Elles sont nombreuses, mais l’une des difficultés est l’insécurité. Il ya certaines régions du nord du Mali où le déplacement n’est pas possible. Il y a certains villages aussi qui sont sous embargo. A l’heure où je vous parle, il y a des villages qui sont entourés par des mines anti-personnelles, non seulement les équipes de la CVJR ne peuvent pas faire le déplacement et les victimes, mais aussi ne peuvent pas sortir. Le fait que la crise continue a beaucoup empiété sur le travail de la CVJR. Il y a certaines localités (Gao, Tombouctou, Kidal) où les victimes sont avec les bourreaux qui voient la CVJR d’un autre œil comme un organe qui est là pour la dénonciation. Dès que les victimes s’y rendent, il faut s’attendre aux représailles. Il y a des difficultés pour que la CVJR puisse écouter ces victimes là.

Selon vous, quel doit être le rôle de la société civile et les populations dans l’accompagnement du travail de la CVJR ?

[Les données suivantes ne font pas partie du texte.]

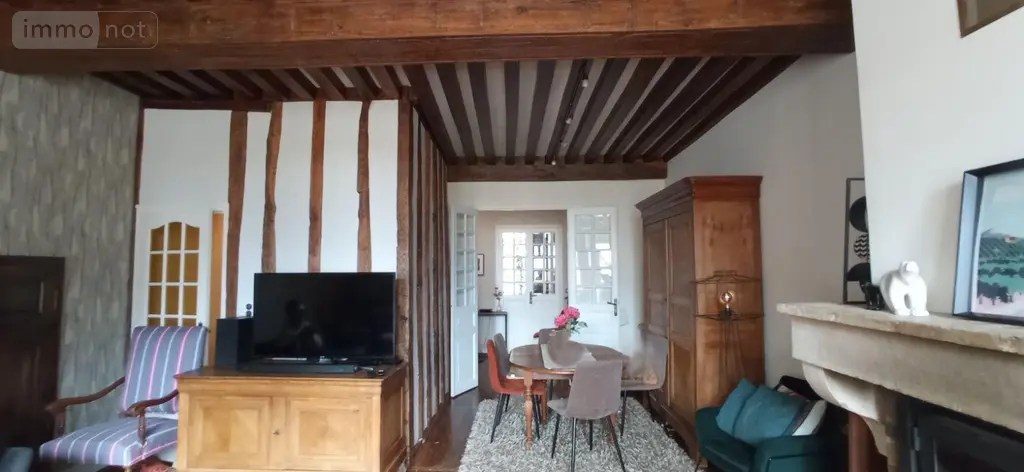 Maison a vendre Langres 52200 Haute-Marne 52 190 m2 8 pièces 222200 euros 52020-73 005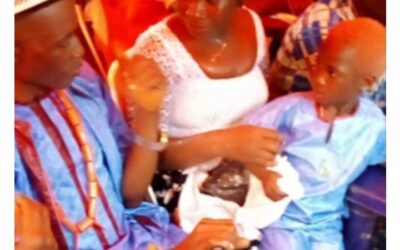 Marriage Of 4-year-old Girl To 54-year-old Man Is Criminal And Illegal – Child Rights Group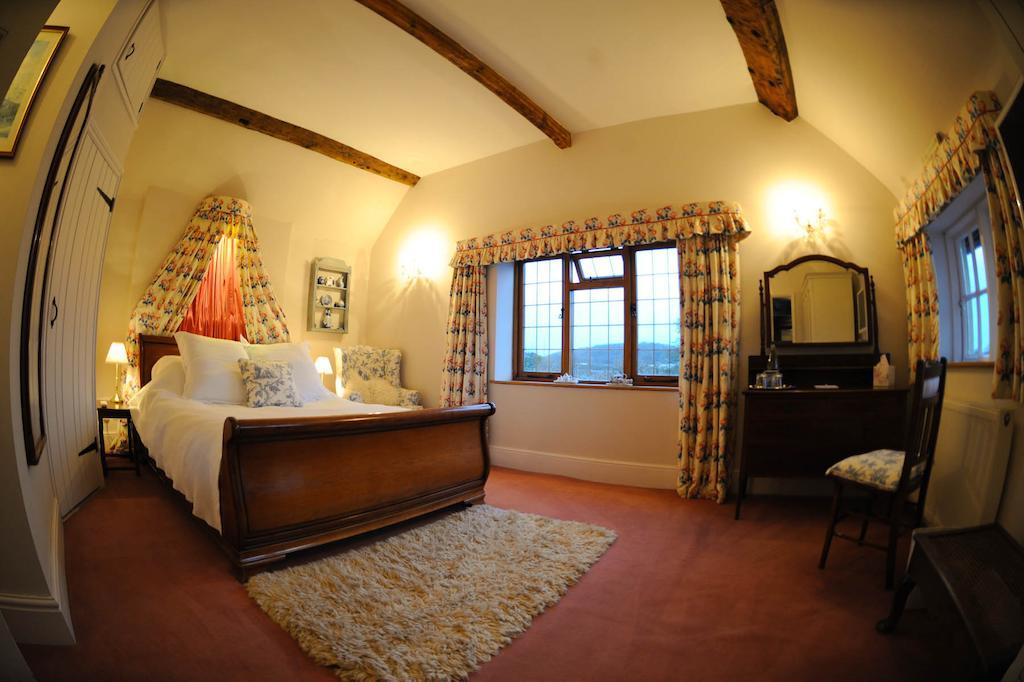 Гостевой дом Wootton Park Wootton Wawen Экстерьер фото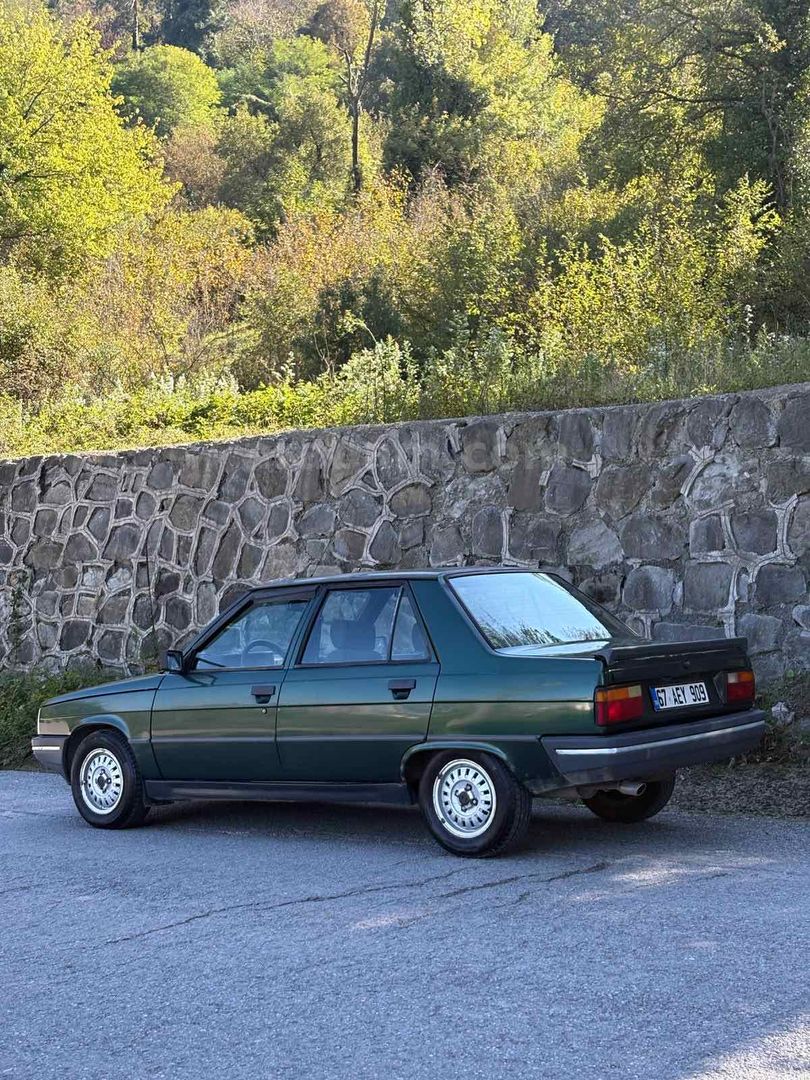 Sahibinden Renault R 9 1.4 Broadway 1991 Model Zonguldak 185.000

Il faut se dire que la société civile et les populations jouent un rôle très crucial. D’ailleurs, ces entités sont à l’avant-garde des travaux de la CVJR. D’abord, dans le monitoring du processus, il faut se dire que ce sont ces entités qui sont là pour la visibilité, pour l’encrage dans la population du processus, la compréhension non seulement même de la justice transitionnelle, mais aussi, le travail de la CVJR. Ça c’est le rôle de la société civile, de la population. Pour avoir une certaine adhésion de la population, la société civile doit mener une campagne auprès des citoyens afin de permettre à ce que le processus soit bien compris, le travail de la CVJR soit bien compris et pourquoi pas nous faciliter l’application, la mise en œuvre des recommandations. C’est pour dire qu’elles sont aussi des actrices de mobilisation, de plaidoyer, de lobbying pour la mise en œuvre des recommandations et de la politique de réparation. La société civile fait de son mieux. D’ailleurs, certains membres de la CVJR sont issus de la société civile et ça c’est pour permettre l’encrage. La société civile travaille. Nous souhaitons qu’elle continue son travail afin que les recommandations qui seront issues de la CVJR soient appliquées. Parce que c’est la société civile qui peut faire pression sur les gouvernants, leur dire que ce que la CVJR vient de vous remettre, il y va de la survie de l’Etat, la survie de la nation, donc, il faut les mettre en œuvre. Les recommandations de la CVJR ne sont pas contraignantes, mais la société civile peut les rendre contraignantes par son appui. C’est là-bas où elle joue un rôle crucial.

Avez-vous un appel ou un message à lancer ?

J’appelle de tous mes vœux à la mise en œuvre des recommandations de la CVJR afin de permettre au Mali de renouer avec une paix durable, la réconciliation et que le Mali puisse sortir de ce cycle de violences, de ces événements tragiques. Je demande à la société civile de mener des campagnes, de mener des plaidoyers pour que les recommandations de la CVJR puissent être mises en œuvre. La CVJR, c’est l’Etat en quelque sorte, mais c’est une structure indépendante. Ce que la CVJR a fait mérite que l’Etat prenne ça au sérieux. Dans certains pays, les recommandations des commissions ont été mises dans les tiroirs, je n’en souhaite pas pour le Mali et c’est pourquoi j’appel de tous mes vœux à l’Etat de mettre en œuvre ces recommandations afin que le Mali puisse sortir de cette crise cyclique.